Thursday, 21 August 2008

How much speed do we need?

The fastest blowhard ever?

Before I discuss the above story, it put me in mind of a trailer for a film I saw at the cinema yesterday (I saw Hellboy II, which was great, I'll never look at Barry Manilow in the same way again).
The trailer was for a film called Death Race. From what I could gather, it's about a near future where the worlds major sporting event is a race to the death by prisoners in custom made heavily armed cars. It stars Jason Statham (who used to do those Kit Kat adverts) and Ian McShane (Lovejoy). There are other plot points, such as the each driver having a navigator (who is always , apparently, a laughably attractive and well figured female ex-con from a nearby women's prison with a penchant for tight revealing clothes).
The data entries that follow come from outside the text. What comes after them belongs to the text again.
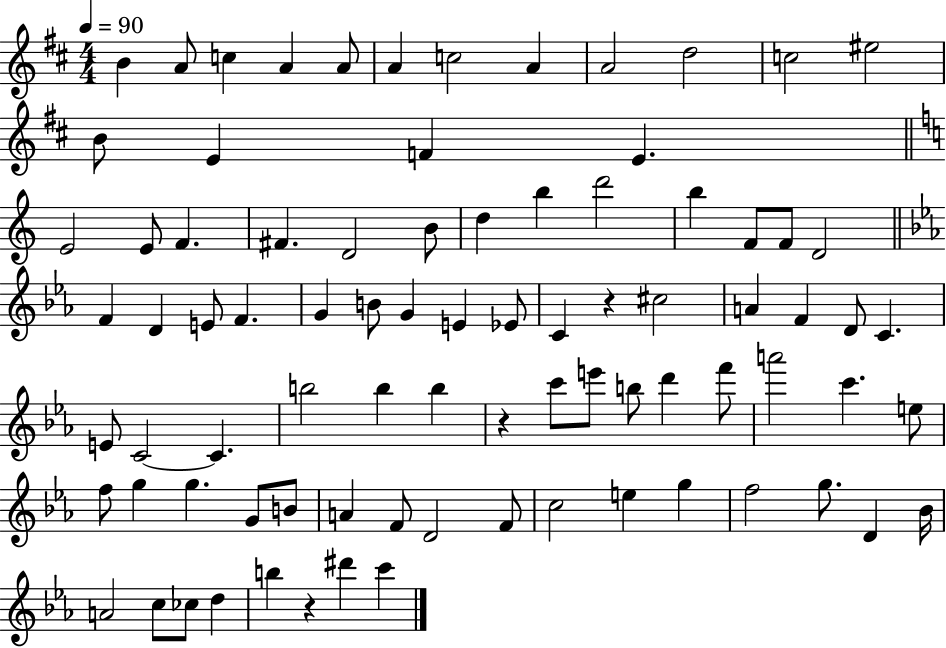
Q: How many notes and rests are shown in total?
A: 84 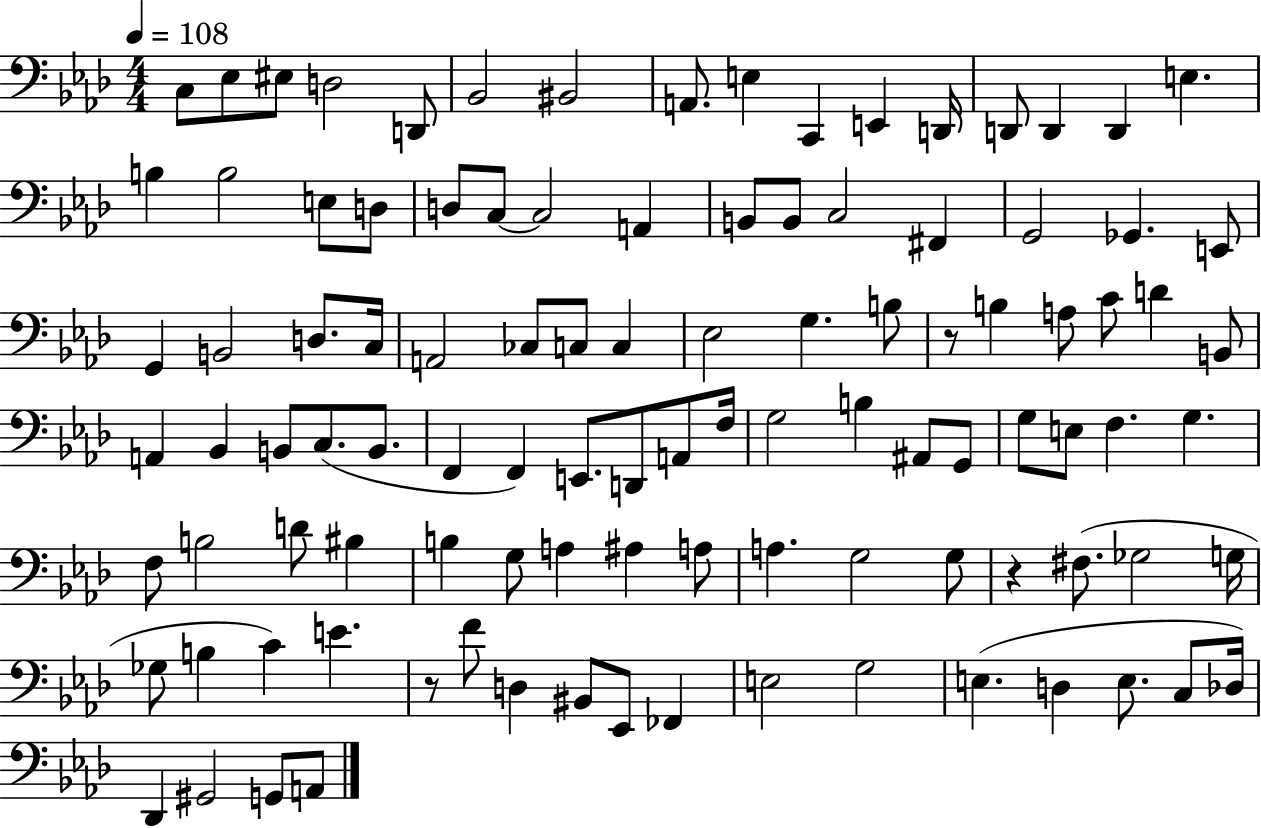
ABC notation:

X:1
T:Untitled
M:4/4
L:1/4
K:Ab
C,/2 _E,/2 ^E,/2 D,2 D,,/2 _B,,2 ^B,,2 A,,/2 E, C,, E,, D,,/4 D,,/2 D,, D,, E, B, B,2 E,/2 D,/2 D,/2 C,/2 C,2 A,, B,,/2 B,,/2 C,2 ^F,, G,,2 _G,, E,,/2 G,, B,,2 D,/2 C,/4 A,,2 _C,/2 C,/2 C, _E,2 G, B,/2 z/2 B, A,/2 C/2 D B,,/2 A,, _B,, B,,/2 C,/2 B,,/2 F,, F,, E,,/2 D,,/2 A,,/2 F,/4 G,2 B, ^A,,/2 G,,/2 G,/2 E,/2 F, G, F,/2 B,2 D/2 ^B, B, G,/2 A, ^A, A,/2 A, G,2 G,/2 z ^F,/2 _G,2 G,/4 _G,/2 B, C E z/2 F/2 D, ^B,,/2 _E,,/2 _F,, E,2 G,2 E, D, E,/2 C,/2 _D,/4 _D,, ^G,,2 G,,/2 A,,/2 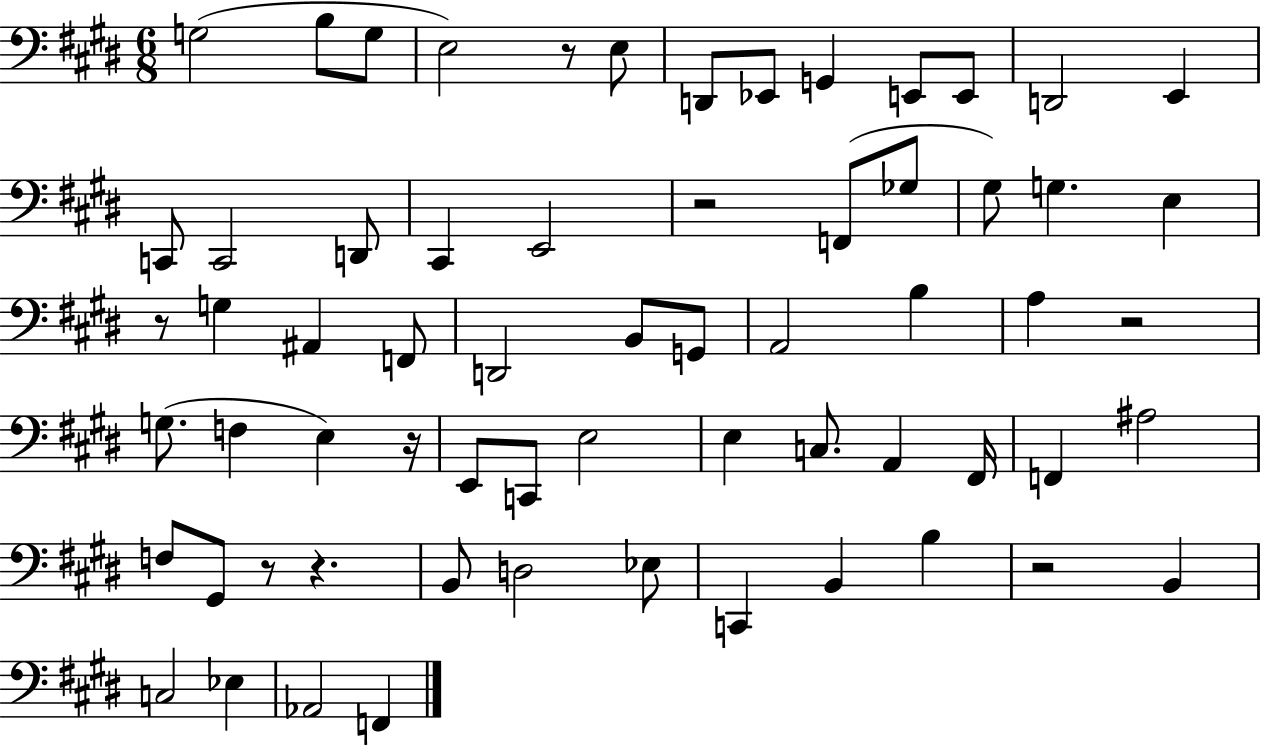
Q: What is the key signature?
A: E major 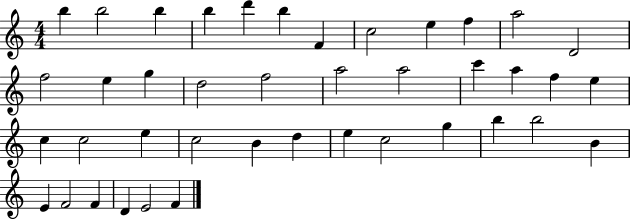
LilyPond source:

{
  \clef treble
  \numericTimeSignature
  \time 4/4
  \key c \major
  b''4 b''2 b''4 | b''4 d'''4 b''4 f'4 | c''2 e''4 f''4 | a''2 d'2 | \break f''2 e''4 g''4 | d''2 f''2 | a''2 a''2 | c'''4 a''4 f''4 e''4 | \break c''4 c''2 e''4 | c''2 b'4 d''4 | e''4 c''2 g''4 | b''4 b''2 b'4 | \break e'4 f'2 f'4 | d'4 e'2 f'4 | \bar "|."
} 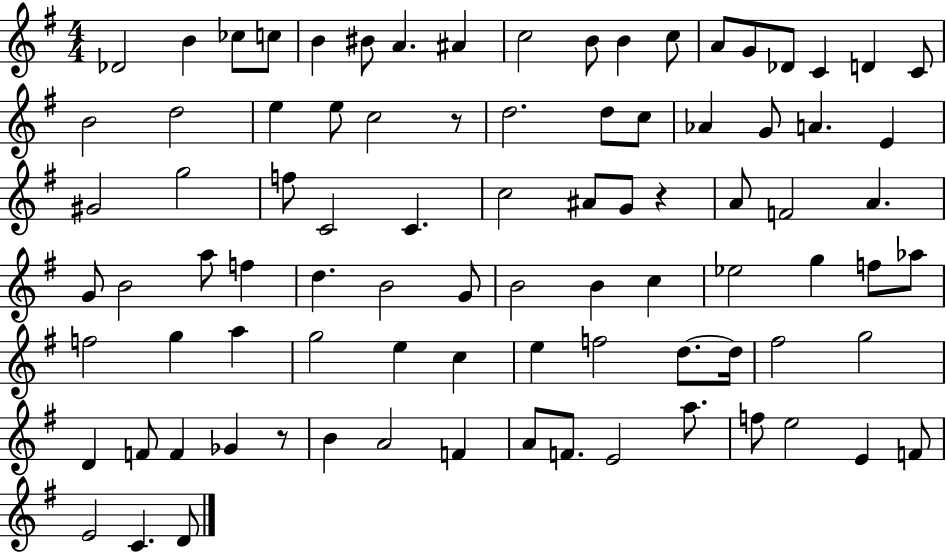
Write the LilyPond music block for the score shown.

{
  \clef treble
  \numericTimeSignature
  \time 4/4
  \key g \major
  des'2 b'4 ces''8 c''8 | b'4 bis'8 a'4. ais'4 | c''2 b'8 b'4 c''8 | a'8 g'8 des'8 c'4 d'4 c'8 | \break b'2 d''2 | e''4 e''8 c''2 r8 | d''2. d''8 c''8 | aes'4 g'8 a'4. e'4 | \break gis'2 g''2 | f''8 c'2 c'4. | c''2 ais'8 g'8 r4 | a'8 f'2 a'4. | \break g'8 b'2 a''8 f''4 | d''4. b'2 g'8 | b'2 b'4 c''4 | ees''2 g''4 f''8 aes''8 | \break f''2 g''4 a''4 | g''2 e''4 c''4 | e''4 f''2 d''8.~~ d''16 | fis''2 g''2 | \break d'4 f'8 f'4 ges'4 r8 | b'4 a'2 f'4 | a'8 f'8. e'2 a''8. | f''8 e''2 e'4 f'8 | \break e'2 c'4. d'8 | \bar "|."
} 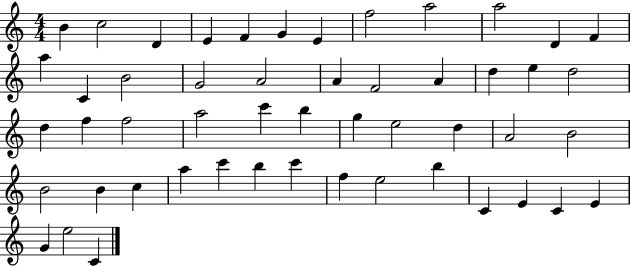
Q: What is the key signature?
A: C major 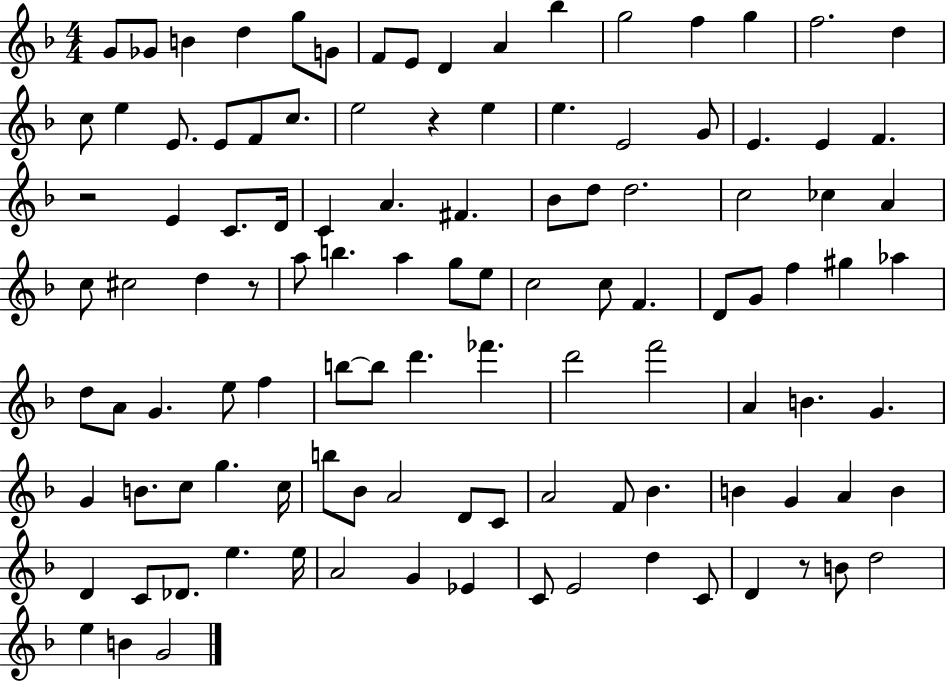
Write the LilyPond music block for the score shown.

{
  \clef treble
  \numericTimeSignature
  \time 4/4
  \key f \major
  g'8 ges'8 b'4 d''4 g''8 g'8 | f'8 e'8 d'4 a'4 bes''4 | g''2 f''4 g''4 | f''2. d''4 | \break c''8 e''4 e'8. e'8 f'8 c''8. | e''2 r4 e''4 | e''4. e'2 g'8 | e'4. e'4 f'4. | \break r2 e'4 c'8. d'16 | c'4 a'4. fis'4. | bes'8 d''8 d''2. | c''2 ces''4 a'4 | \break c''8 cis''2 d''4 r8 | a''8 b''4. a''4 g''8 e''8 | c''2 c''8 f'4. | d'8 g'8 f''4 gis''4 aes''4 | \break d''8 a'8 g'4. e''8 f''4 | b''8~~ b''8 d'''4. fes'''4. | d'''2 f'''2 | a'4 b'4. g'4. | \break g'4 b'8. c''8 g''4. c''16 | b''8 bes'8 a'2 d'8 c'8 | a'2 f'8 bes'4. | b'4 g'4 a'4 b'4 | \break d'4 c'8 des'8. e''4. e''16 | a'2 g'4 ees'4 | c'8 e'2 d''4 c'8 | d'4 r8 b'8 d''2 | \break e''4 b'4 g'2 | \bar "|."
}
Cue lots of high octane thrills and explosions as armoured cars chase each other at breakneck speeds around battered highways, all guns blazing. Seriously, I could almost smell the testosterone emanating off it. i felt my IQ drop just watching the trailer.
But this film is just a logical progression of the current trend in films kicked off by 'The Fast and the Furious'. High speed, semi-naked women and only the flimsiest of justifications for any of this macho posturing.
But how far is this from real life. The above article discusses another land speed record attempt, this time in a wind powered vehicle (I'm not going to write any fart jokes, use your imagination if you need to). I applaud this attempt, especially to show the viability of renewable energy sources. Although I worry that the article doesn't state what the current wind-powered vehicle speed is. If it's something like 53mph, the macho speed freaks will be put off for life.
I hope it goes well for the guys making the attempt, it would be great if they managed it. But I've often wondered when reading things like this; Why do humans have this obsession with going fast? The Olympics at the moment are a good example, in that the majority of events boil down to 'who can do this the fastest?'. Swimming, running, cycling, sailing. There are other events which ask 'who can do this the best?' such as table tennis, boxing or gymnastics, but these generally seem to get less coverage (unless team GB might get a medal, of course, then it could be anything, even tiddlywinks).
It's obvious that people like going fast. Roller Coasters, F1, breaking the speed limit, Joyriding, all popular pastimes, but why? Surely, going fast enough to cause severe injury and/or death is a crap survival trait, so it shouldn't be seen as a plus. But then, when you think in evolutionary terms, it actually does make more sense. When being chased by a predator, those who can move the fastest survive, so they reproduce. Those who actively enjoy going fast do it more often, thus getting fitter and faster, thus being the ones who survive. People were hunters as well, same logic applies. The fastest hunters get the prey, so eat, and survive. Prey gets faster, hunters have to go faster too. Positive feedback, all of which conspires to give us a subconscious love of high velocity.
It's evolutionary logical, but is it as essential as people seem to think these days. We're always so impatient. Some people can't even be bothered to read Blogs longer than a paragraph, I bet half the people who see this have given up by now, and if you did, screw you all! If we travelled slower, it would help solve our fuel problems. Travelling 50mph rather than 70mph drastically reduces fuel consumption, but we'd get places slower. And? Everything has such a massive sense of urgency these days. Deadlines, low attention spans, instant gratification, all smacks of impatience. People seem physically offended if their Internet download time is anything less than 1mbps these days, but so what? It's probably porn anyway, how desperate can someone be to view smut?
Physics doesn't like speed. Lightspeed seems to be the universal speed limit. Granted, we're a long way from travelling that fast, but when we do reach it, maybe reality will put its metaphysical foot down and say 'enough'. But of course, then we'll discover warp drive or hyperspace, and have kids knicking starships and joyriding around that deserted nebula. Bloody kids.
But the love of speed drives so much of our society. We want it now, so whoever can give it to us faster gets our business. Maybe we need to shake this habit once and for all. Many pessimists say our society is 'hurtling towards oblivion'. Can't we stroll towards oblivion instead? Maybe well enjoy the walk so much we'll decide to not finish the journey at all.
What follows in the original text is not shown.